Ich habe kein grundsätzliches Problem damit, wenn Traditionen gepflegt werden. Unsere ganze Liturgie ist ja auch so ein religiöses Brauchtum. Aber die Traditionen müssten aus Liebe gepflegt werden. Nicht nur aus Pflicht, nicht mit Verbissenheit, sonst wird es ein Krampf. Wenn der Sonntag für den Menschen da ist, dann muss auch die Frage erlaubt sein: „Was bringt mir der Gottesdienst?“ Welchen geistlichen Gewinn ziehe ich daraus? Welche Werte verwirkliche ich da? Habe ich Freude daran? Ist der Gottesdienst wirklich etwas für den Menschen? Für mich? - Ich wünsche uns allen, dass wir solche Fragen gut beantworten können. Ansonsten lohnt es sich, nach einer positiven Antwort zu suchen. Damit ich anderen mitteilen kann, was meine Motive sind und mein Zugang zum Gottesdienst. Auch gute Gewohnheiten gehören reflektiert, überdacht, damit ich sie umso authentischer und glaubwürdiger pflegen kann.
Was aber, wenn wir mit Menschen zu tun haben, die so ein verstocktes Herz haben? Was nutzt uns die christliche Freiheit, wenn engstirnige Menschen sie uns nicht gönnen? Wie sollen wir reagieren, wenn wir behandelt werden wie Jesus von den Pharisäern behandelt wurde? Jesus sah sie der Reihe nach an, voll Zorn und Trauer über ihr verstocktes Herz (Mk 3,5). Ich denke, Zorn bringt uns in einer solchen Situation nicht weiter, Trauer aber schon. Zorn würde nur Gegenaggression bewirken. Trauer aber bewegt die anderen Menschen eher zum Umdenken. Trauer hat mit Ohnmacht zu tun. Wer freiwillig in die Ohnmacht geht, kann erleben, dass in der Schwäche eine Stärke liegt. Schon Paulus sagte einmal: „Wenn ich schwach bin, dann bin ich stark“ (2 Kor 12,10). Ein unsicherer Mensch, der an Gesetzesregelungen klebt und durch solche Rückversicherung stark sein will, kann sich verwandeln, wenn er andere Menschen erlebt, die sich Schwäche, Ohnmacht und Trauer zugestehen und erlauben.

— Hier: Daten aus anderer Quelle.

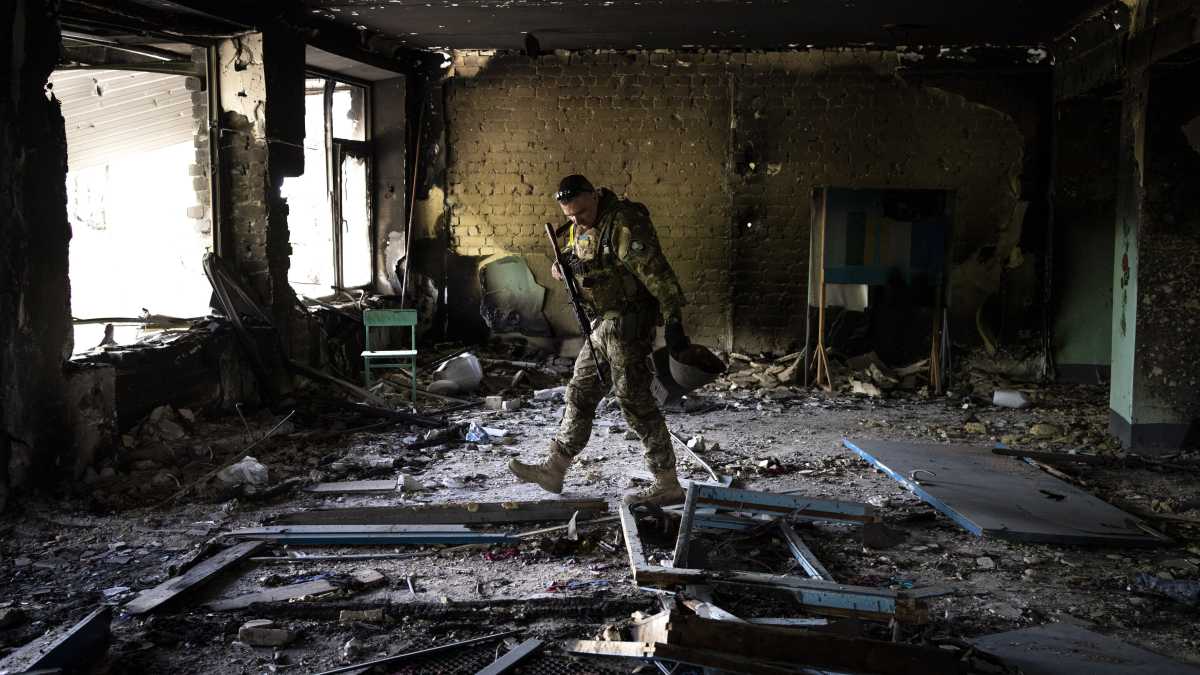 Immagine di Guerra e nonviolenza secondo Pannella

Liebe Schwestern und Brüder, Jesus ist nicht gekommen, das Gesetz aufzuheben, sondern um es zu erfüllen. Lasst uns also die Gebote halten. Aber welche? Es geht um die Gebote Gottes, nicht um menschliche oder kirchliche Gebote, die in früheren Zeiten aufgeschrieben und festgelegt wurden. Viktor Frankl sagte einmal: „In einem Zeitalter, in dem die 10 Gebote für so viele ihre Geltung zu verlieren scheinen, muss der Mensch instandgesetzt werden, die 10000 Gebote zu vernehmen, die in den 10000 Situationen verschlüsselt sind, mit denen ihn sein Leben konfrontiert“. Gott spricht zu uns in diesen 10000 Situationen. Gottes Gebote finden wir im Gebot der Stunde.